South Korea’s Forced Reckoning
On Wednesday, South Korea’s Ministry of Trade, Industry and Energy announced that 10 major petrochemical firms — including LG Chem, Lotte Chemical, Hanwha TotalEnergies Petrochemical and GS Caltex — have signed an agreement to cut their naphtha-cracking capacity by 2.7 million metric tons to 3.7 million mt annually. The move is expected to remove close to 3 million mt of ethylene output, significantly reducing associated benzene production.
The deal, backed by the Ministry of Economy and Finance, represents the largest coordinated capacity reduction in South Korea’s petrochemical sector since the 1997-98 Asian Financial Crisis.
“The key to overcoming the current crisis is clear: reduce capacity, restructure and restore competitiveness,” said Finance Minister Koo Yoon-cheol. “This is not optional — this is about survival.”
Firms have been asked to submit detailed restructuring plans by the end of the year, but Koo urged quicker action, encouraging companies to make submissions as early as next month. “Delay is not an option,” he said, warning that the government will not tolerate “free riders” seeking state support without making real changes.
The Ministry of Trade also confirmed plans to restructure the country’s three major petrochemical complexes in Yeosu, Daesan and Ulsan simultaneously. Comprehensive financial, tax and regulatory support will be made available for companies undertaking genuine reforms.
Financial Strains and the End of Naphtha Dominance
The overhaul comes amid severe financial pressure. According to a Boston Consulting Group report commissioned by the Korea Chemical Industry Association, nearly half of South Korea’s petrochemical companies could fail within three years if current market conditions persist. Among the most vulnerable is Yeochun NCC, a joint venture between DL Chemical and Hanwha Solutions, which recently shuttered its No. 3 plant due to mounting debt and weak demand.
Korean firms, long dependent on imported naphtha as a primary feedstock, are facing significant cost disadvantages against Chinese producers, which benefit from cheaper raw materials sourced from Iran and Russia. Several Korean executives and analysts have indicated that the long-term survival of the sector may depend on shifting away from naphtha altogether.
“There’s growing interest in retrofitting existing crackers to use ethane, particularly from the U.S., which offers more competitive feedstock,” said a South Korea-based trader. “But that’s a multi-year investment.
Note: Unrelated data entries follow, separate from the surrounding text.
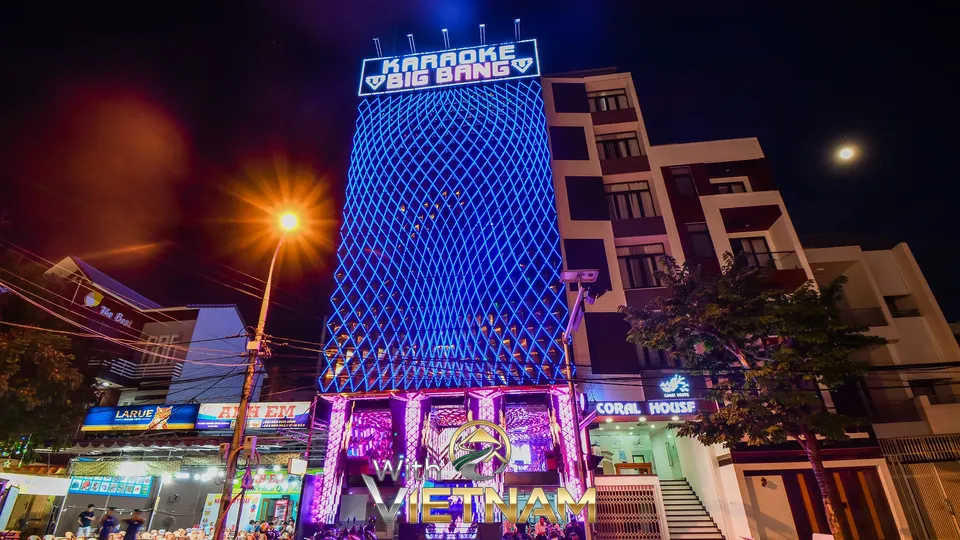 다낭 빅뱅 가라오케 건물 외관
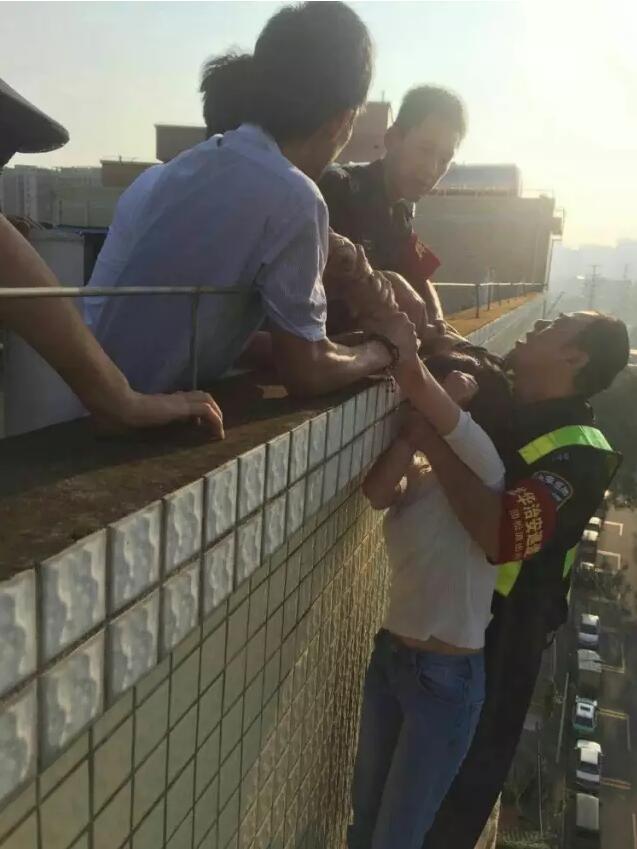 驚險!男子站在11樓邊緣救下輕生女子
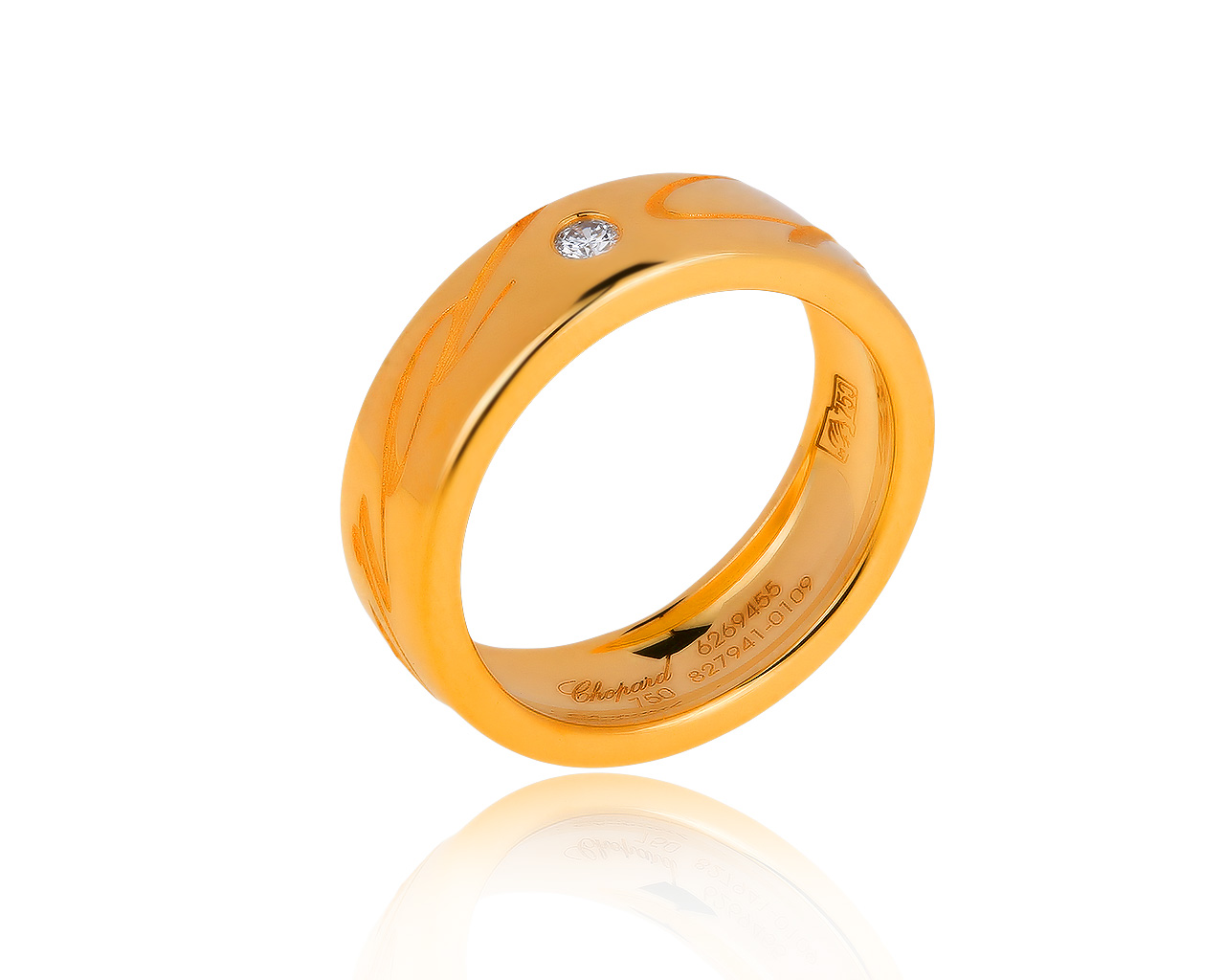 Достойное золотое кольцо с бриллиантом 0.05ct Chopard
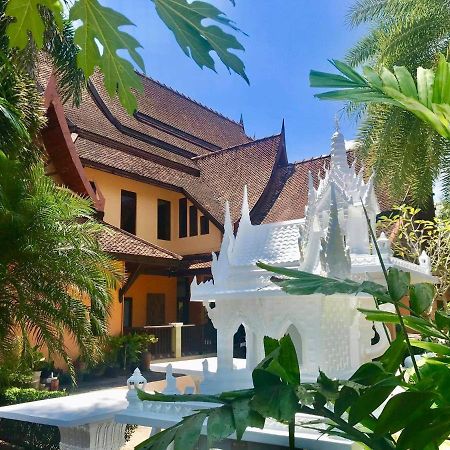 Villa Chaya Khao Lak Exteriör bild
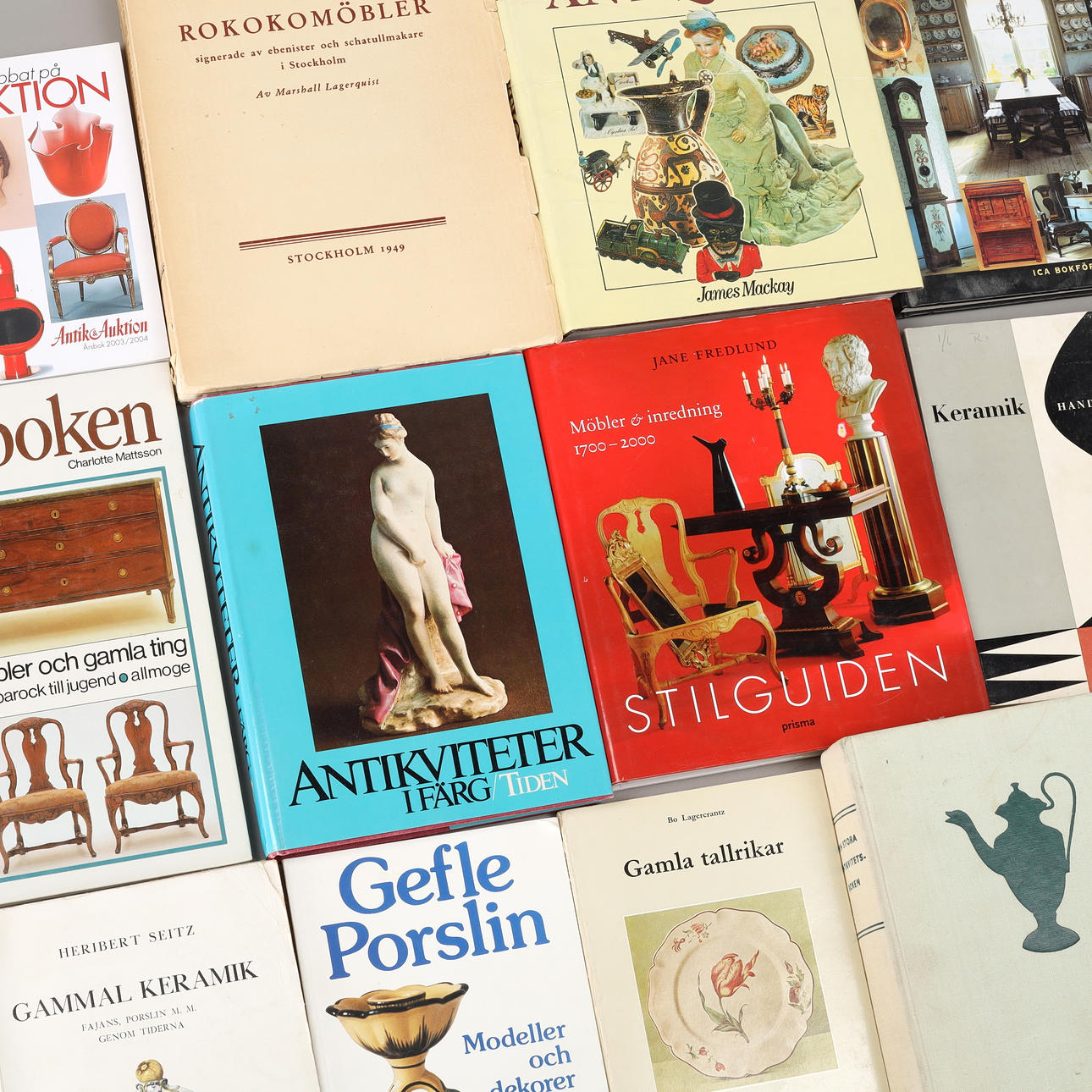 22 BOOKS ABOUT AUCTION AND ANTIQUES, 20th century. Books, Maps ...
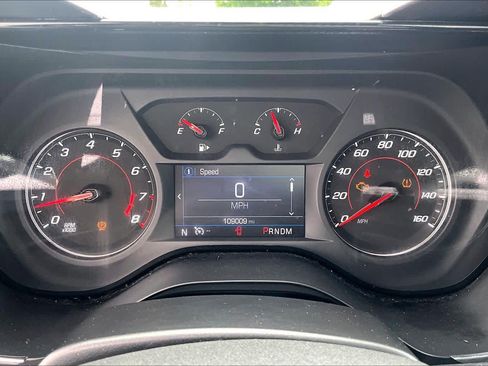 Used 2020 Chevrolet Camaro LT RWD image 27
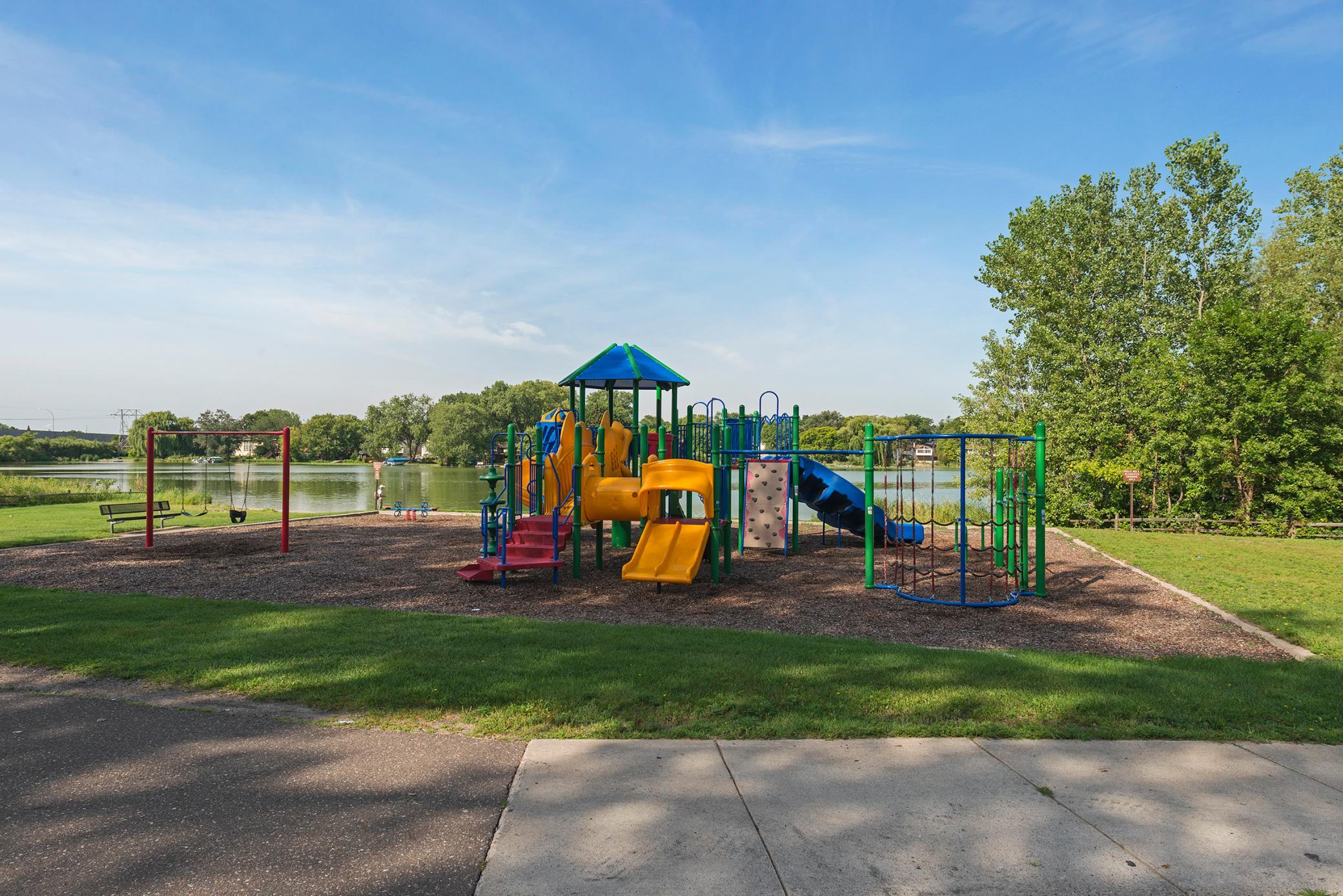 View of Residential at 5737 Northport Drive, Brooklyn Center MN 55429, Brooklyn Center (39 of 50) - Mike Wilen | Minnesota Team Real Estate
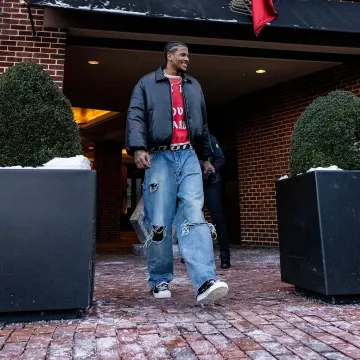 Balenciaga Light Blue Super Baggy Destroyed Jeans usado por Jalen Green en la cuenta de Instagram @houstonrockets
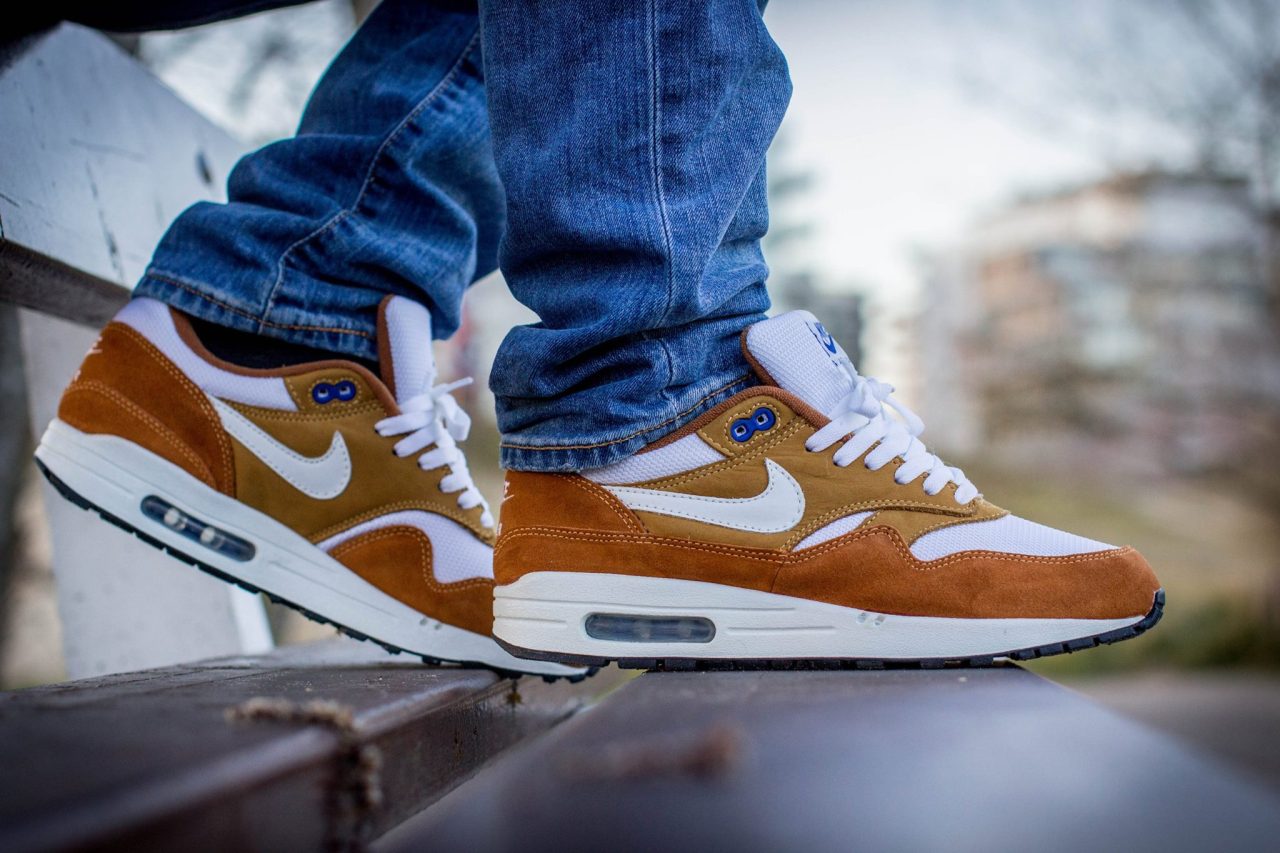 nike air max 1 curry on feet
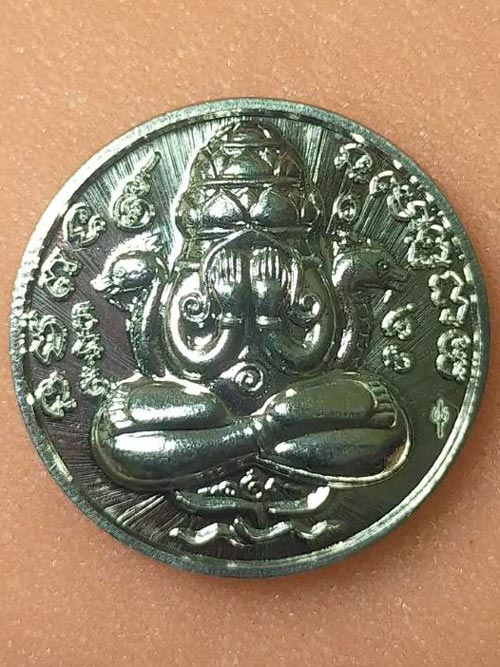 1 ใน 1,000 องค์ พระปิดตาพังพระกาฬ ทรัพย์ไหลมา 2559 กรรมการ เนื้ออัลปาก้าหลังเรียบ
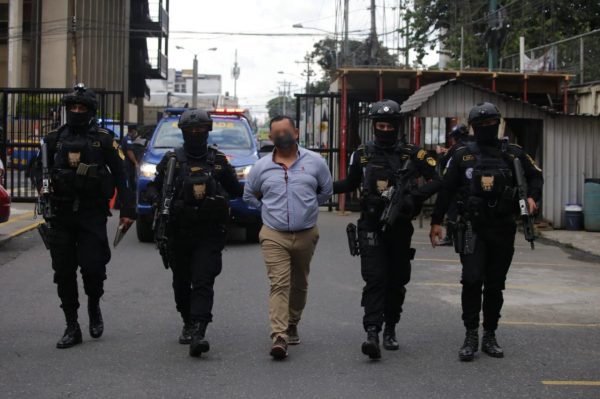 Detienen a narcotraficantes guatemaltecos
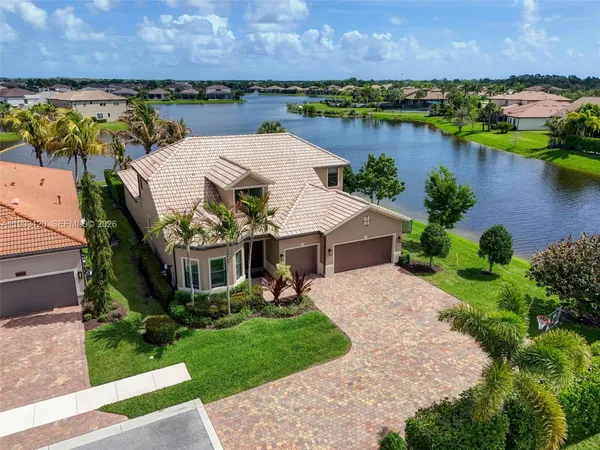 $1,945,000 | 130 Blanca Isles Lane, Jupiter, FL 33478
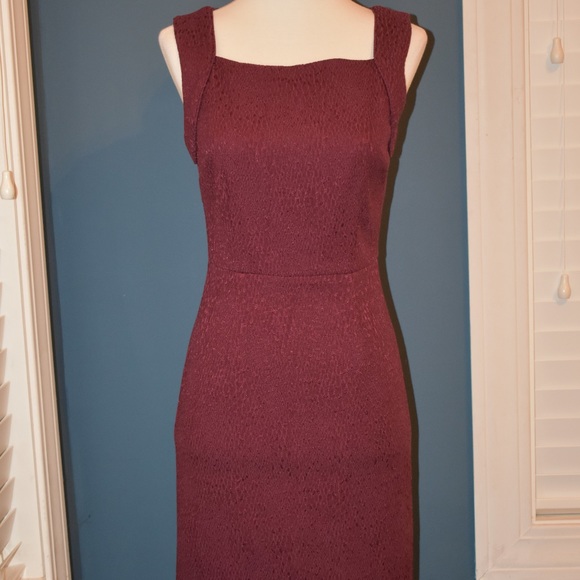 banana republic burgundy dress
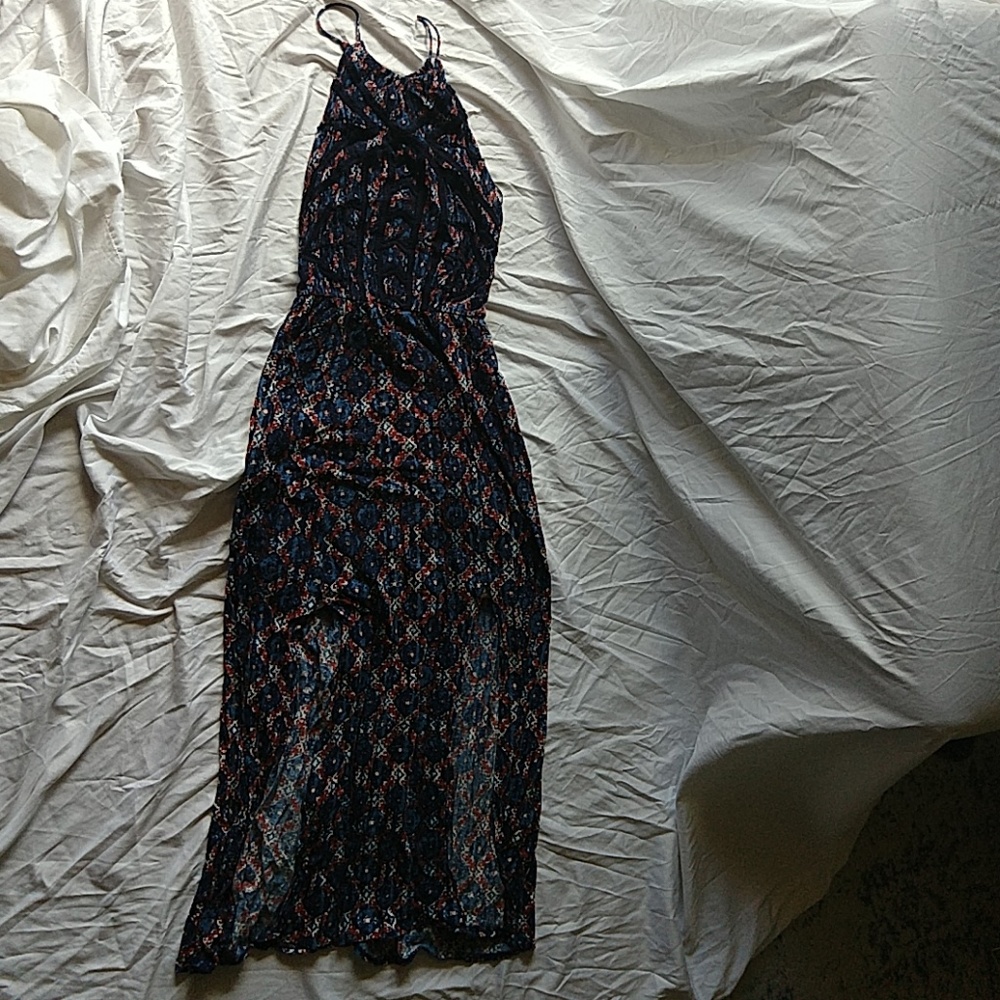 Patterned hig neck tie waist maxi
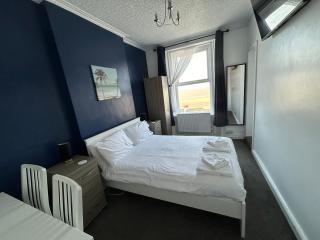 The Royal Clarence Hotel (on the Seafront) - Burnham on Sea - 7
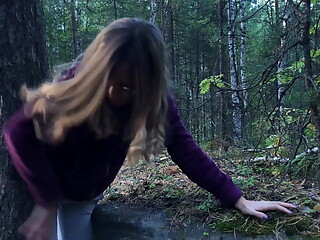 I fucked a stranger in the woods to help her &amp;ndash; public sex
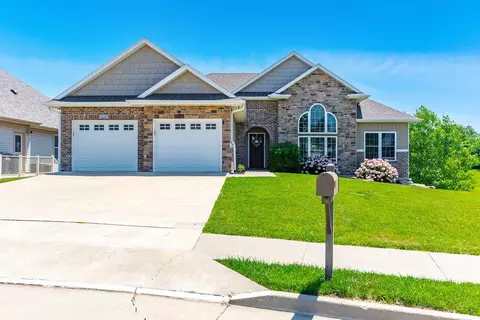 Exterior - 2114 Mace Ct, Columbia, MO 65201 photo 4 of 11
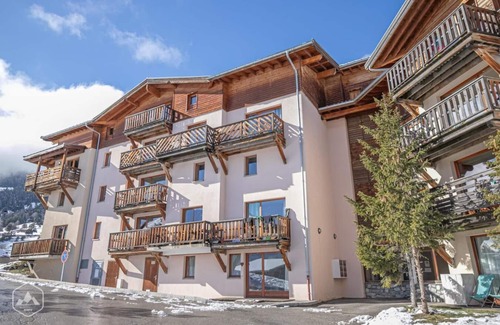 Aussois Apartment | 10m from ski slopes, 1st floor, balcony, tv, ski locker, 36m², Aussois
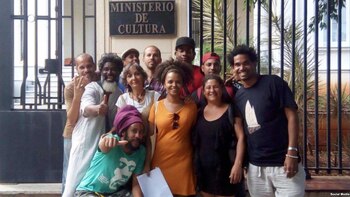 Los artistas independientes cubanos se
It won’t happen overnight.”
If realized, the transition will not only reshape South Korea’s cost structure but could also shift trade flows of U.S. ethane and condensate to Asia, with ripple effects throughout the global petrochemical chain.
China: Shutdowns, Overhauls and Surge in Downstream Demand
South Korea’s restructuring comes just as China prepares its own sweeping reforms. According to sources close to the matter, Beijing is set to phase out petrochemical and refining facilities older than 20 years, representing up to 40% of current capacity, as part of a broader policy to tackle chronic overcapacity and environmental degradation.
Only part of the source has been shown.